Parliamentary voting on potential upgrades to the Trident missile system and Continuous At Sea Deterrence (CASD) – the policy of having one nuclear missile equipped submarine operational at sea at any given moment which has been in effect since April 1969 – will take place over 2016. Corbyn’s most senior Labour official, Iain McNichol, has stated that the Trident policy changes he wants to implement would have to be decided at the Autumn Labour party conference to be legal and Trade Union heads such as Sir Paul Kenny, leader of the GMB, have reiterated their firm support for Trident on the basis that it protects and creates British jobs. As the Trade Unions collectively have 50% of the vote on policy changes and 60% is needed to bring about a policy change at the Autumn conference, Mr Corbyn has a tall order ahead of him.
However the Labour leader has always wanted to put more power in the hands of regular party members and recent figures from local Labour constituencies are bound to put a spring in Mr Corbyn’s step. A Guardian survey has shown grassroots support doubling, tripling or even quintupling in certain areas since June last year – Bath went from 300 to 1,322 members and Colchester went from around 200 to nearly 1,000. Young people and university students are always going to be drawn towards Corbyn’s policy of a more inclusive and accountable type of politics, however the study also shows the return of a number of older Labour supporters who quit in disillusionment during Labour’s endorsement of the Iraq War and who now feel the party is reconciling with their views once again.

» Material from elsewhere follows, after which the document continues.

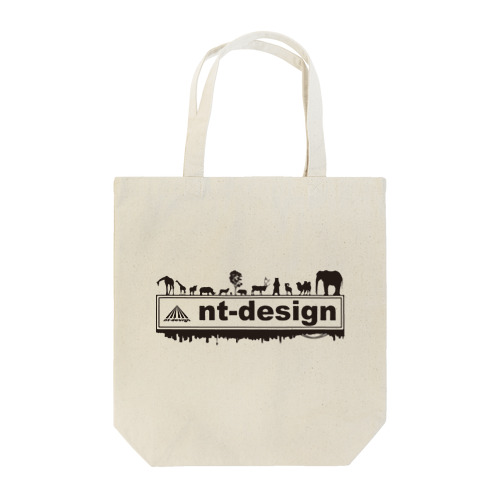 『nt-design』ロゴ Tote Bag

Whether the older generation of Labour supporters, some of whom probably dream of a resurgence of the far left style of the 70’s and 80’s, meshes with the new youth faction who see Corbyn as the potential harbinger of an entirely new form of Government is unclear. However there are some policies on which both sides seem to wholeheartedly agree. They are against bombing Syria, and they are vocally anti-Trident.

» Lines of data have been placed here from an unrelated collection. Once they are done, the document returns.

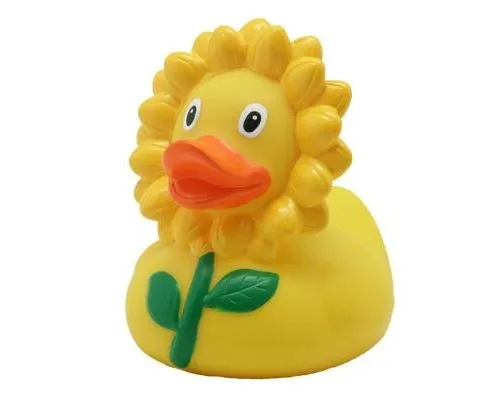 Игрушка для ванной Funny Ducks Подсолнух утка (L1876)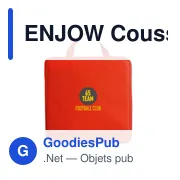 ENJOW Coussin en non-tissé - Miniature 3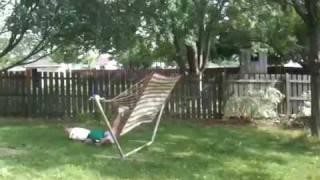 Jumping Over Hammock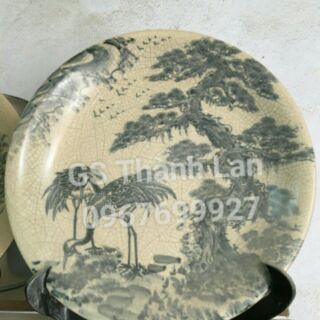 Đĩa trang trí + Đế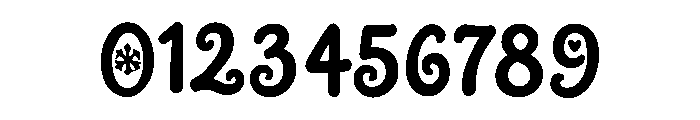 Evergreen_Jingle Font OTHER CHARS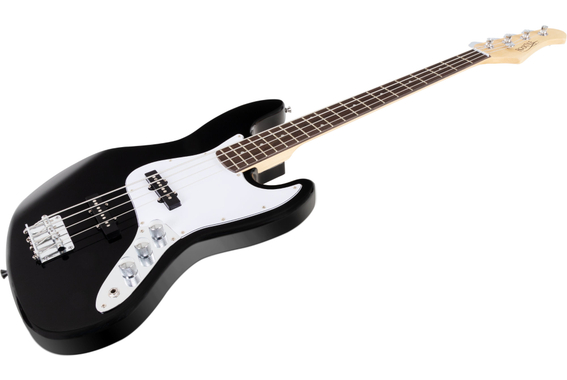 Rocktile Fatboy II BK E-Bass Black Set incl. école image 8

Mr Corbyn’s surprising rise to power in the Labour party and his incredible grassroots support have come largely from his ideology that modern Government must renew its relationship with the general public, hear and represent its views, and that party members must have more influence in policy making. Ideas such as crowdsourced questions during Prime Ministers Questions goes some small way towards doing this but if Corbyn is genuinely going to reconcile his agenda with the realities of modern politics it is on issues like Trident that he will have to stand his ground. If he cannot convince his party to represent the opinions of its members and constituents over the pressure of common Government policy, lobbyists and political pressure then there is little hope for him.
The next six months are key for Corbyn. Trident is one of the major issues that will underline whether he is at the forefront of new politics or simply a man out of time.